# [INSTRUCTIONS TO FOLLOW]
Every line below between the one holding "Celine Shadow Sunglasses" and the one holding "FILETES DE PESCADO", inclusive, should be copied exactly, and no other line.

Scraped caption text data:
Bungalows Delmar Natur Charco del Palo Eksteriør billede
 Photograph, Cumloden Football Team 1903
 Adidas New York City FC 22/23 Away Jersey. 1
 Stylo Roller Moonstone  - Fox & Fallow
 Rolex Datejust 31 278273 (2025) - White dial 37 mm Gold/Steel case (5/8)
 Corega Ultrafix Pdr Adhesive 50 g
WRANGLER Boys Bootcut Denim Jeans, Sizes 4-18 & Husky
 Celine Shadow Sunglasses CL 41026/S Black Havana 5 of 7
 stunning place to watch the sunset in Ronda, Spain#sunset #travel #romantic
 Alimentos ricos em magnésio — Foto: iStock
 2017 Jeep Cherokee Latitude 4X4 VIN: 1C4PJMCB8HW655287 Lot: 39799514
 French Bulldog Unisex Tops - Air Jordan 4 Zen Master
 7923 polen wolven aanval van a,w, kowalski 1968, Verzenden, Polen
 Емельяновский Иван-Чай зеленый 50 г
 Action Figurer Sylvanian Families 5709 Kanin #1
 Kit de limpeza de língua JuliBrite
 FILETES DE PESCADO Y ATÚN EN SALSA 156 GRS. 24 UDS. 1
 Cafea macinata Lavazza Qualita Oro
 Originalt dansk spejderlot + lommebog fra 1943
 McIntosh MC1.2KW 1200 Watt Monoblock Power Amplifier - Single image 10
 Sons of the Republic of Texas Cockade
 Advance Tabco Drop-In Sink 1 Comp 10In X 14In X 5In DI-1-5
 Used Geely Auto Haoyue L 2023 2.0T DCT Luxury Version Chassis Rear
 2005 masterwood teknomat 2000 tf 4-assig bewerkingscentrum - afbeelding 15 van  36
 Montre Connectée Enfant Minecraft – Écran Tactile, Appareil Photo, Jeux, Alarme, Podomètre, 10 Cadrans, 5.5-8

# [YOUR SOLUTION]
 Celine Shadow Sunglasses CL 41026/S Black Havana 5 of 7
 stunning place to watch the sunset in Ronda, Spain#sunset #travel #romantic
 Alimentos ricos em magnésio — Foto: iStock
 2017 Jeep Cherokee Latitude 4X4 VIN: 1C4PJMCB8HW655287 Lot: 39799514
 French Bulldog Unisex Tops - Air Jordan 4 Zen Master
 7923 polen wolven aanval van a,w, kowalski 1968, Verzenden, Polen
 Емельяновский Иван-Чай зеленый 50 г
 Action Figurer Sylvanian Families 5709 Kanin #1
 Kit de limpeza de língua JuliBrite
 FILETES DE PESCADO Y ATÚN EN SALSA 156 GRS. 24 UDS. 1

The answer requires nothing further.